The way we talk and the words we choose say a lot about what we think and value. When we use positive adoption language, we say that adoption is a way to build a family, just as birth is. Both are important, and neither is more important than the other.
Words not only convey facts they also evoke feelings.
For example, when a TV show, movie, article, or book talks about a “custody battle” between “real parents” and “other parents,” society gets the wrong impression that only birth parents are real parents and that adoptive parents aren’t real parents. Members of society may also wrongly conclude that all adoptions are “battles.”
Positive adoption language can stop the spread of misconceptions. By using adoption language, we educate others, we choose emotionally correct words over emotionally-laden words, we speak and write with the hopes of impacting others so that this language will someday become the norm.
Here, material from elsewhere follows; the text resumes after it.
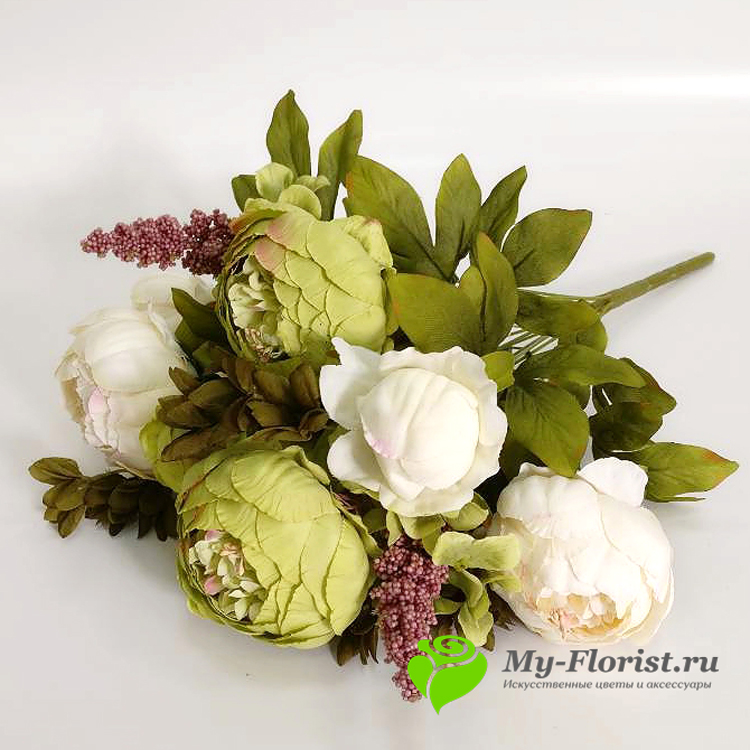 Искусственные цветы и букеты - Букет пионов "Сандра" 50 см. (зеленый)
By incorporating positive adoption language into conversations, you can help combat common adoption stereotypes while educating others. Using the Positive Adoption Language helps remove the negative stigma of adoptions past, shows respect for the adoption triad, and lessens the spread of adoption misconceptions. Here are five things to keep in mind when discussing adoption:
1.) It’s important to remember that although someone may be adopted into a family, they were still brought into it just as a child is when born into a blood-related family. It is not correct to say that someone is adopted, but was adopted. Couples asked the same set of “what if’s” and held the same fears before taking the step to parent. Adoption brings a gift of love, but thinking of the child as just a gift you can buy is not the way to go about it.
2.) “Do you know who your real parents are?” This is a question frequently asked to an adoptee. A parent is someone that has raised, guided, provided, and loved their child, regardless of how that came to be. Before asking a question like this, remember that the people raising this person are his/her parents and family. Saying that someone’s parents aren’t “real” is like saying your dog is a cat–it’s not true. It’s a great thing to ask questions, just always be aware that this person’s real life is the one they lead. Ask, don’t assume.
3.) Adoptive parents can be put in situations where qualifiers are used. By saying or asking something like, “This is Judy’s adopted daughter” and “Do you have any children of your own?” can be hurtful and make a child feel like they are not actually part of the family they are in. In addition, the parent you’re asking can become easily offended. Every family, adoption, story, struggle, and decision is different. You wouldn’t say, “This is Judy’s left-handed daughter”, would you? The child isn’t “like one of their own” because he/she is one of their own. Adoption isn’t an identity or a character trait, simply a way that a child was brought into a family.
4.) The birth mother can also undergo a lot of emotional turmoil in regards to her decision. Because this mother chose to move forward with the adoption process does not mean that she has “given away” or “given up” her child. Those placing their child into the care of others have endless reasons as to why; their lifestyle isn’t fit for a child to be raised happily or healthily, they don’t have the means to raise the child, or maybe they just aren’t ready to be a parent–whatever reason they may have does not mean that the adoptee was “given up”, but put into a safe place. Remember that the mother chose the option of adoption to give a child the life they deserve.
5.) “I couldn’t raise someone else’s child” or “This child is so lucky to have you!” are things you should avoid saying altogether. They imply that their child isn’t theirs by choice and that although they get to parent a child, they’re still missing out on parenting a child they couldn’t conceive themselves. Although you may not be aware, this may entail that by taking in a child that they are doing some sort of charity work. Instead, try asking if they stay in contact with the birth mother or how the process went for them.